Le Parti des travailleurs du Kurdistan (PKK), un groupe terroriste (1) a revendiqué l'attentat suicide commis le 1er octobre matin contre l’entrée du ministère de l’Intérieur à Ankara. Deux policiers de faction ont été blessés, l'un ayant reçu une balle dans la poitrine et l’autre ayant été touché aux jambes et à un œil. Lors de cette action, les deux assaillants ont trouvé la mort.

Le ministre de l’Intérieur, Ali Yerlikaya, a précisé devant la presse que l’un des deux attaquants s’était fait exploser et que l’autre a été abattu « d’une balle dans la tête ».

Le siège de la police visé, situé dans l’enceinte du ministère de l’Intérieur, se trouve à proximité du parlement.

Une vidéo d’une caméra de surveillance montre un utilitaire Renault gris qui se gare lentement devant le siège de la police. Le passager avant en sort et s’avance arme à la main, tire et se fait exploser devant la guérite du poste de garde. Un deuxième homme s’élance à son tour mais disparaît de l’image avant d’être tué par la police.

La police a sécurisé la zone à la recherche d’engins explosifs. Elle a découvert dans le véhicule des pains de plastic, des grenades à main et un lance-roquettes.

Le véhicule avait été dérobé à Kayseri, une ville située à environ 260 km au sud-est d’Ankara. Le ministère de l’Intérieur a révélé qu’il appartenait à un vétérinaire qui a été tué, vraisemblablement alors que les terroristes s’emparaient de son véhicule.

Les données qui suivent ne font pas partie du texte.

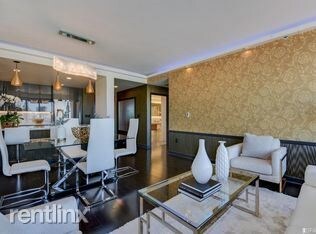 Building Photo - 1 br, 1 bath - 260 King St Unit 1613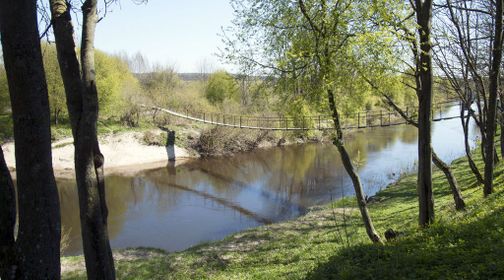 Dituvos kabantis tiltas per Miniją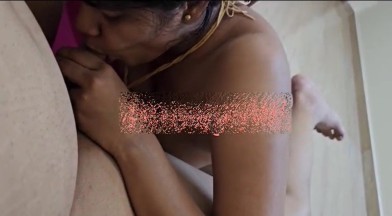 நண்பன் மனைவி தாலியை கழட்டாமல் சோபாவில் ஓத்தேன்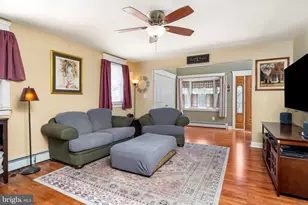 1043 Hornberger Ave, Florence, NJ 08554 - Photo 11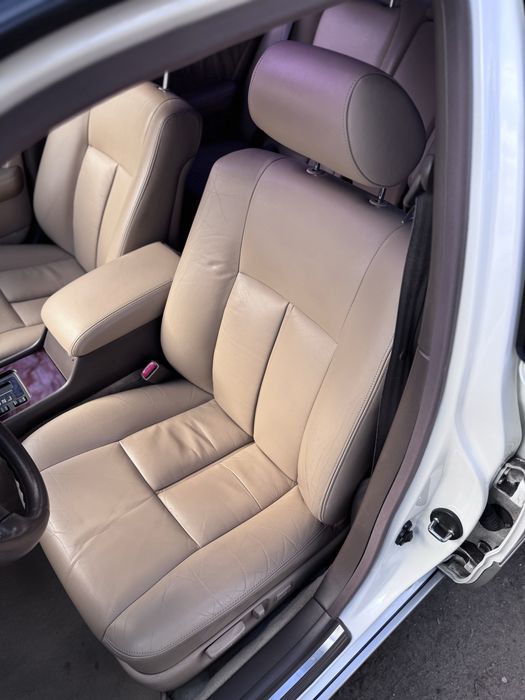 Lexus LS 400 UCF 10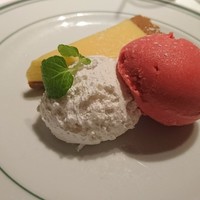 ウルフギャング・ステーキハウス 丸の内店 - チーズケーキとカシスシャーベット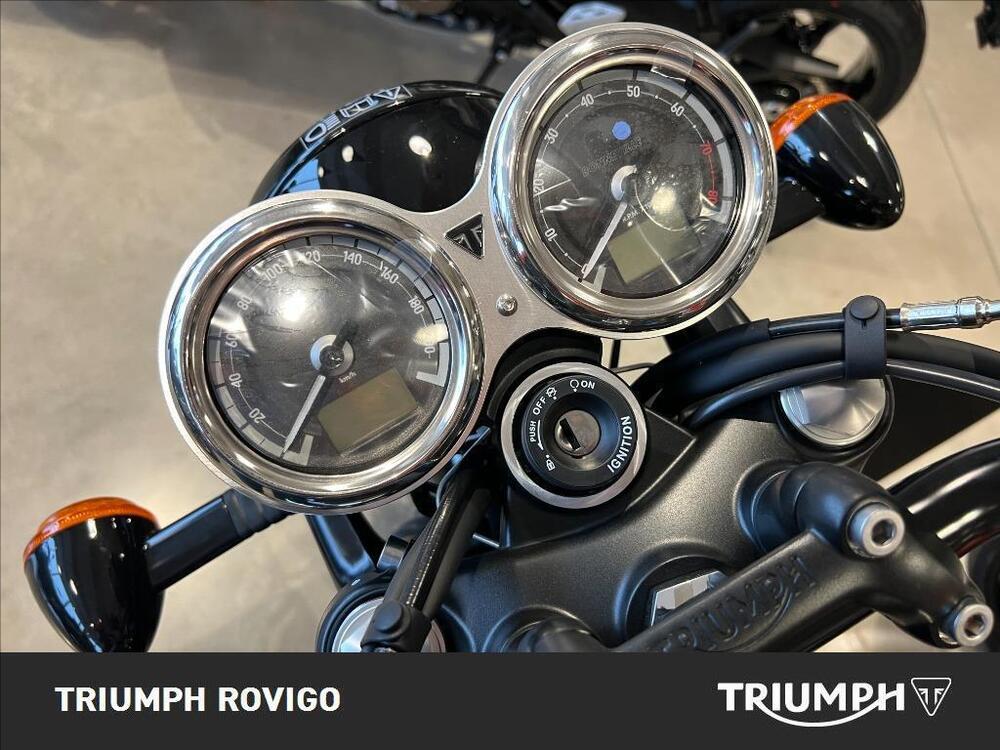 Triumph Bonneville T120 (2021 - 25) (4)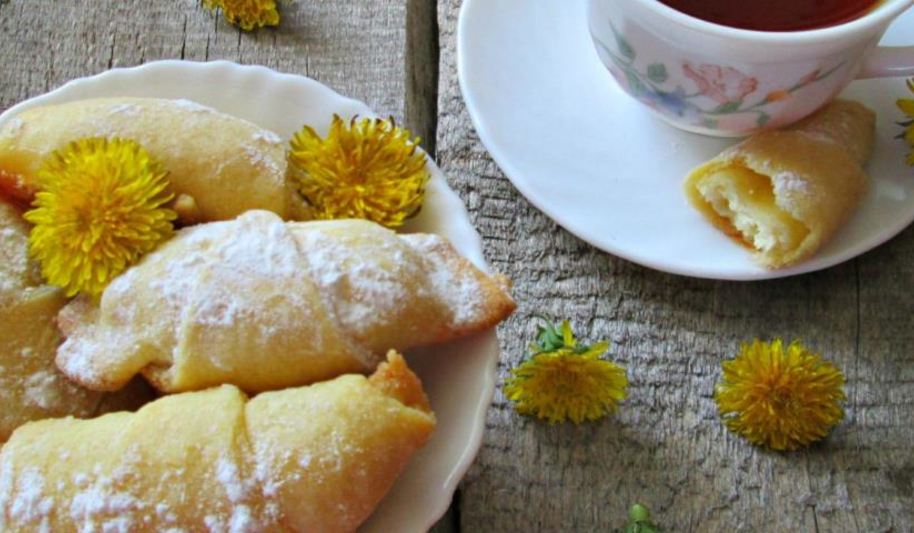 Рецепт творожных рогаликов с изюмом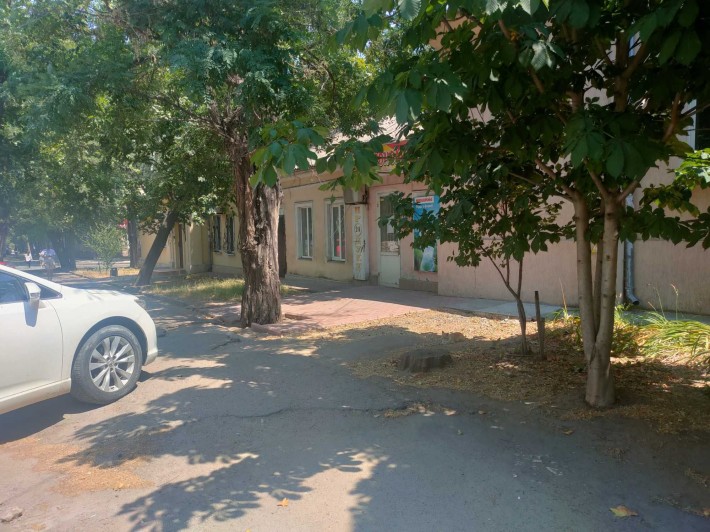 Продам Магазин в Центрі - фото 1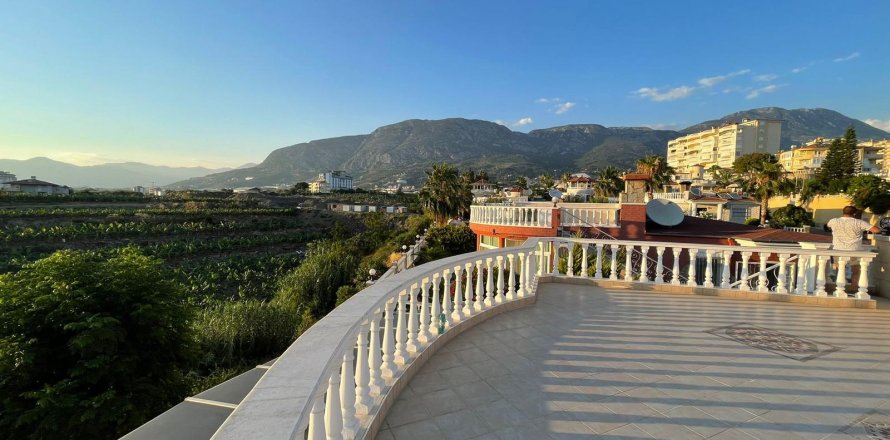 3+1 Villa in Mahmutlar, Antalya, Türkei Nr. 219907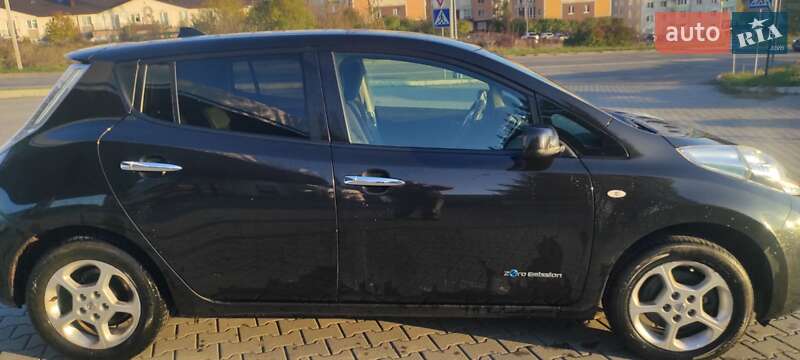 Хетчбек Nissan Leaf 2016 в Хмельницькому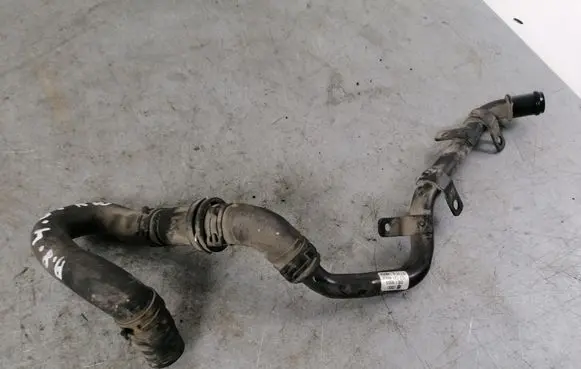 Audi A8 S8 D3 4E Engine coolant pipe/hose 4E0121485F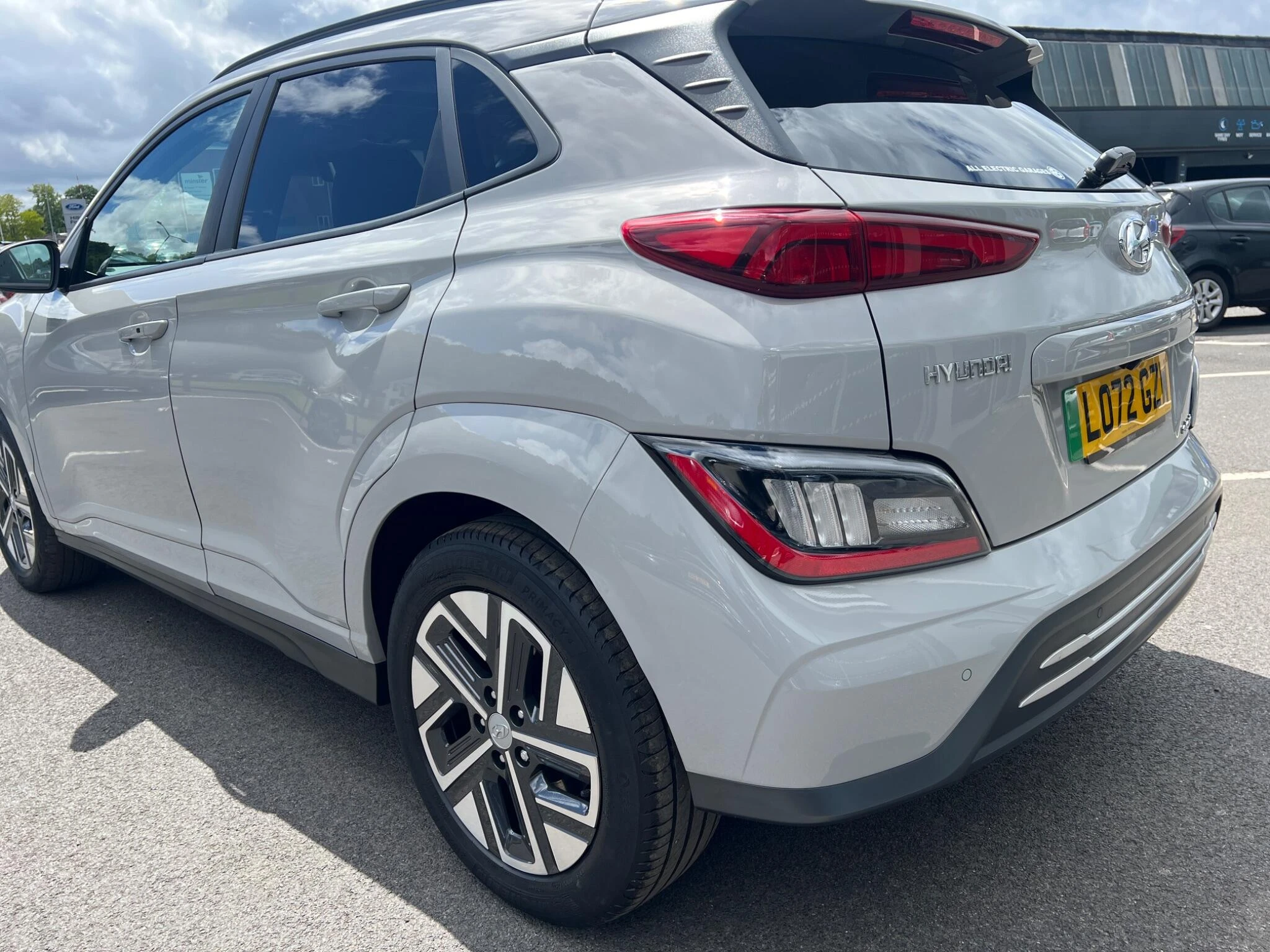 Vehicle image 9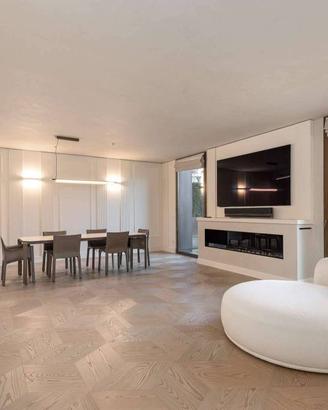 Appartamento di 304 m² con 5 locali e box auto a B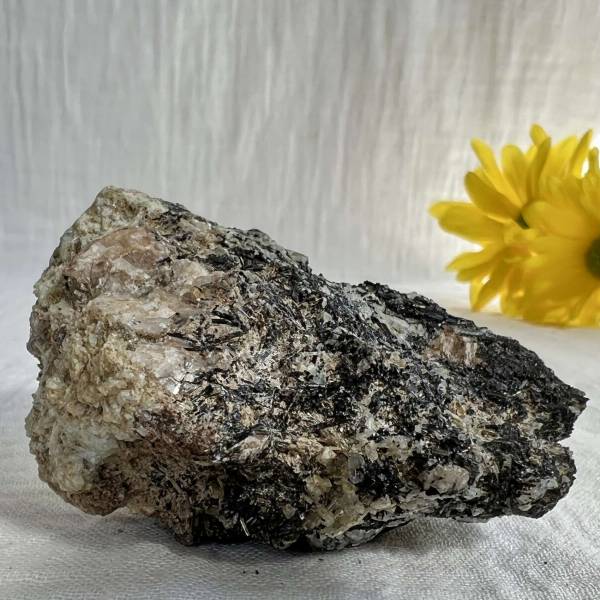 Emerald with tourmaline - Image 5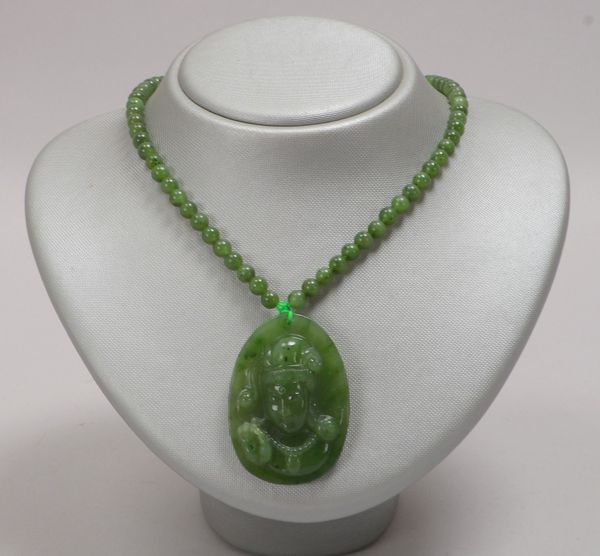 Halskette mit Anhänger (China), 'Frauenfigur', Nephritjade; Anhänger 5,2 x 3,8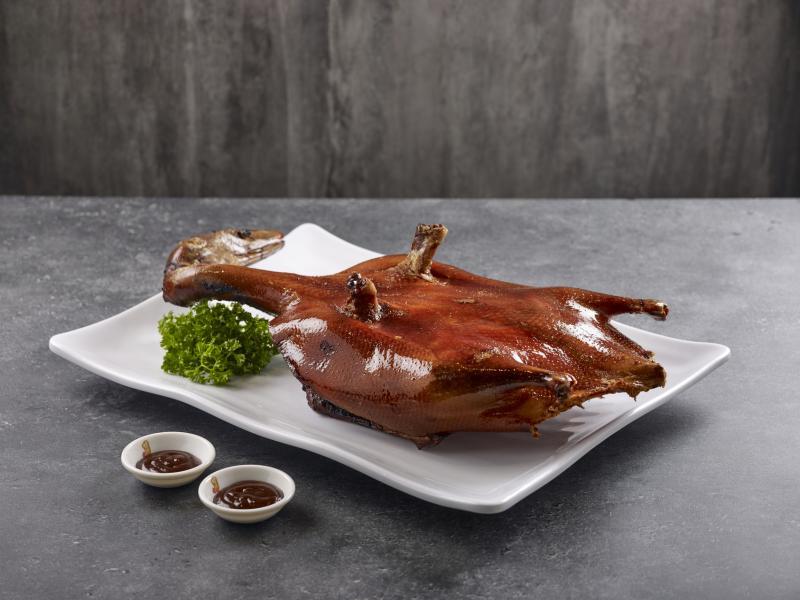 本地甘牌烧味的枇杷鸭。(受访者提供)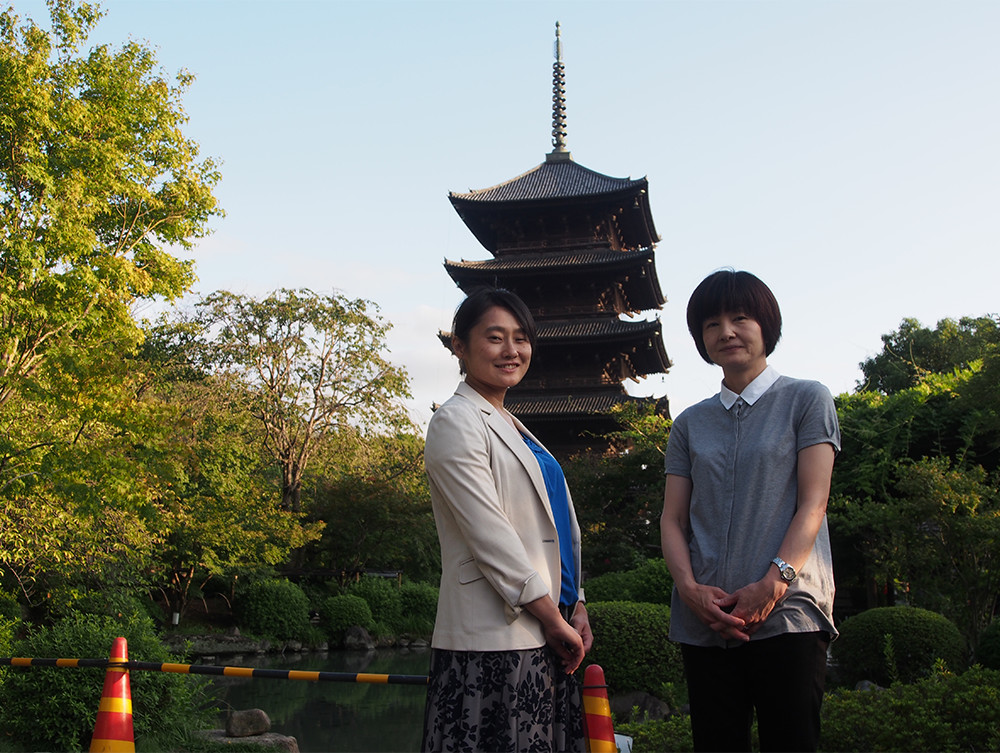 Ms. Asuka Ootani (left) and Ms. Tomoko Kodama (right), Toshiba Lighting & Technology Corporation.
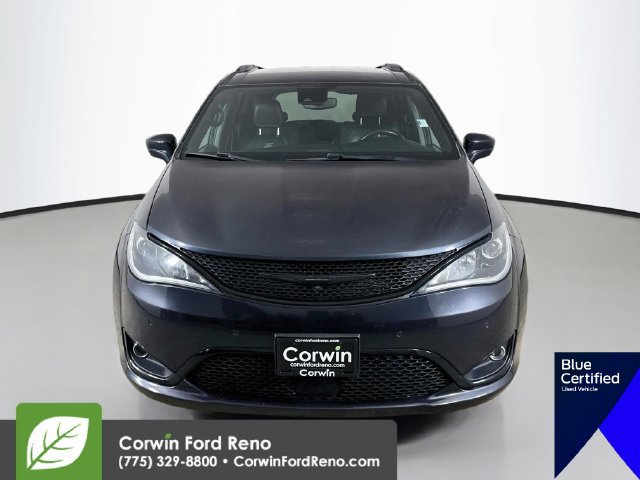 Used 2020 Chrysler Pacifica Touring-L Plus FWD image 2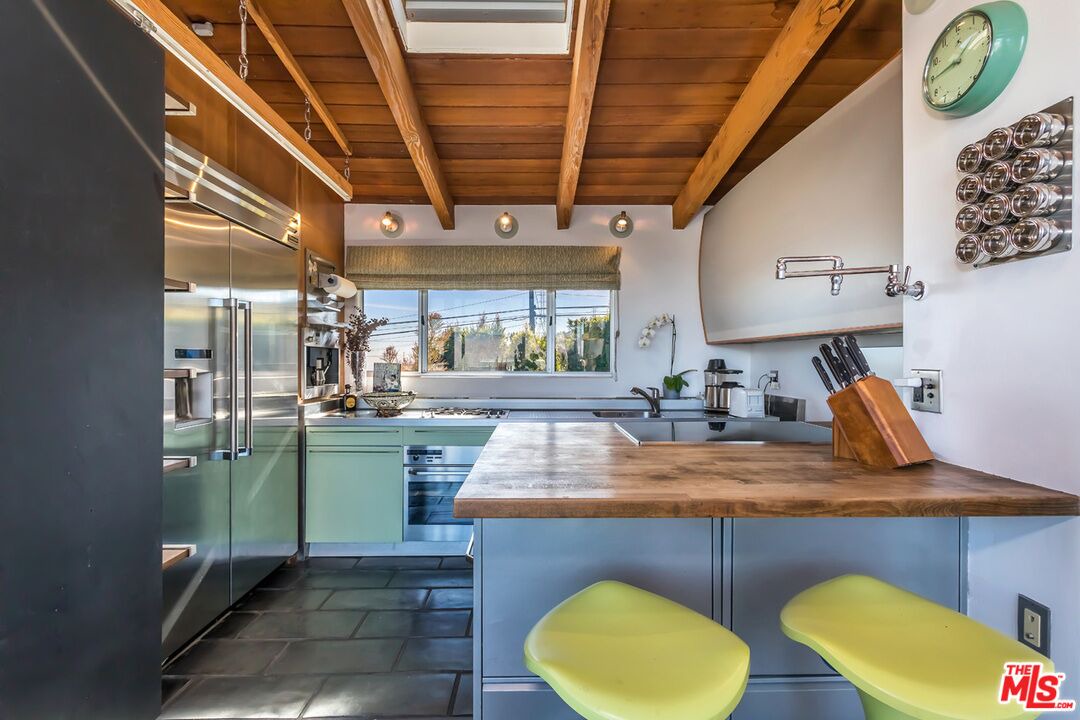 Photo of Kitchen in Hollywood Hills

Les images des caméras de vidéo-protection de Kayseri jusqu’à la frontière syrienne sont en cours d’examen pour déterminer d’où venaient les suspects.

Quelques heures après, le PKK a fait la revendication suivante via l’agence de presse Firat News Agency(ANF) proche du mouvement kurde : « Aujourd’hui vers 9h30, une unité de notre ‘Brigade des Immortels’ a mené une action sacrificielle devant le ministère turc de l’Intérieur. Cette action était explicitement prévue pour l’ouverture du Parlement et à proximité du bâtiment, qui est considéré comme un centre de massacres et de torture. Elle a été réalisée conformément au plan et sans aucun obstacle. Nos camarades qui ont mis en œuvre cette action sacrificielle ont surmonté le poste de garde et pénétré à l’intérieur de la zone de sécurité. Ils ont réussi et ont atteint leur objectif ».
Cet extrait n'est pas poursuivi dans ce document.